The Minkowski problem for the $k$-torsional rigidity

TL;DR

This paper extends the study of $k$-torsional rigidity by deriving a variational formula, defining a related measure, and solving the Minkowski problem using curvature flow methods.

Contribution

It introduces a Hadamard variational formula for $k$-torsional rigidity, defines a $k$-torsional measure, and proves existence of smooth solutions to the Minkowski problem.

Findings

Derived a Hadamard variational formula for $k$-torsional rigidity.

Defined a $k$-torsional measure from the variational formula.

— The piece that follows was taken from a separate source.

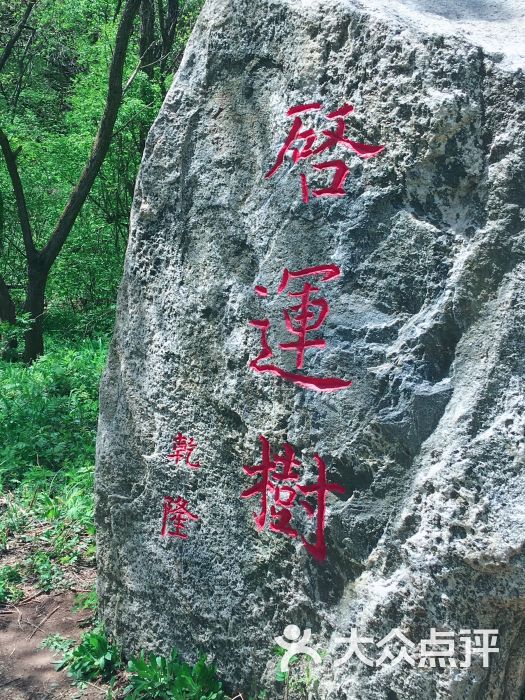 神树沟风景区-景点图片-新宾满族自治县周边游-大众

Proved existence of smooth non-even solutions to the Minkowski problem.

Abstract

P. Salani [Adv. Math., 229 (2012)] introduced the $k$-torsional rigidity associated with a $k$-Hessian equation and obtained the Brunn-Minkowski inequalities $w.r.t.$ the torsional rigidity in $\mathbb{R}^3$. Following this work, we first construct, in the present paper, a Hadamard variational formula for the $k$-torsional rigidity with $1\leq k\leq n-1$, then we can deduce a $k$-torsional measure from the Hadamard variational formula. Based on the $k$-torsional measure, we propose the Minkowski problem for the $k$-torsional rigidity and confirm the existence of its smooth non-even solutions by the method of a curvature flow. Specially, a new proof method for the uniform lower bound estimation in the $C^0$ estimation for the solution to the curvature flow is presented with the help of invariant functional $\Phi(\Omega_t)$.